See the PowerShell command syntax.
Add-MailboxPermission -Identity "Identity" -User "Identity" -AccessRights FullAccess -InheritanceType All
Run the below PowerShell command example.
Add-MailboxPermission "Brenda.Smith@m365info.com" -User "FinanceUSA@m365info.com" -AccessRights FullAccess -InheritanceType All
The PowerShell output result shows the Object ID of the user mailbox (Brenda), which shares Full Access permission.

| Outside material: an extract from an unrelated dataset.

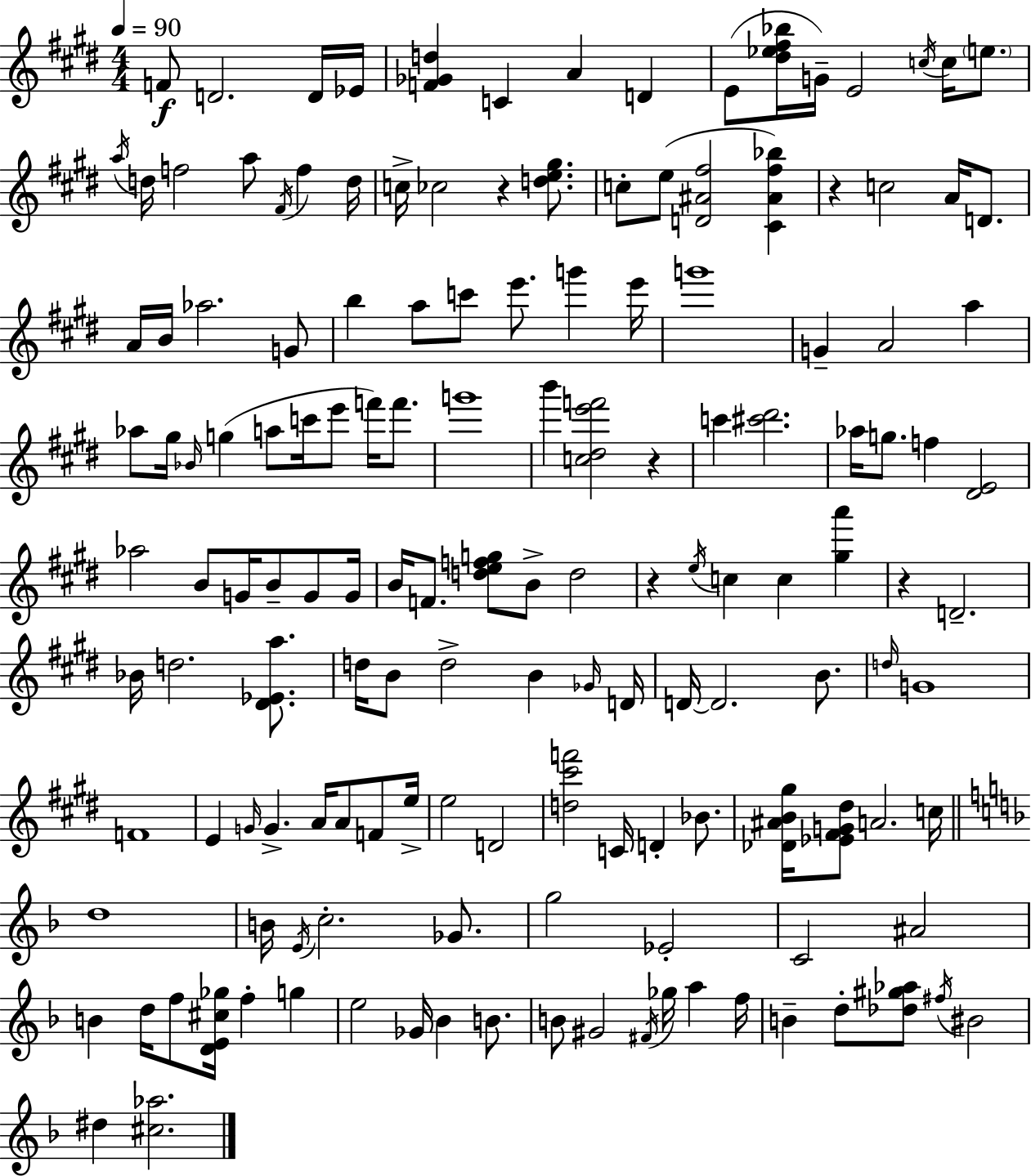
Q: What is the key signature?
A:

Identity User AccessRights IsInherited Deny
-------- ---- ------------ ----------- ----
d912b0fc-6f7e-4ec... S-1-5-21-70143928... {FullAccess} False False
It automatically adds the security group as a mailbox delegate of the user mailbox. The members of the mail-enabled security group have Full Access rights to Brenda’s mailbox.
Assign security group Full Access permission user mailbox with AutoMapping
One of the main differences when granting mailbox permissions is whether they are assigned to a security group or a user mailbox. When permissions are assigned to a security group, it can’t implement the AutoMapping option for each group member. It’s because of the permission assignment implemented by referencing the group object and not the security group members.
Note: PowerShell doesn’t add a mailbox folder in Outlook (AutoMapping) for the members of a group. You need to enable that with the -AutoMapping parameter and set the value to $true.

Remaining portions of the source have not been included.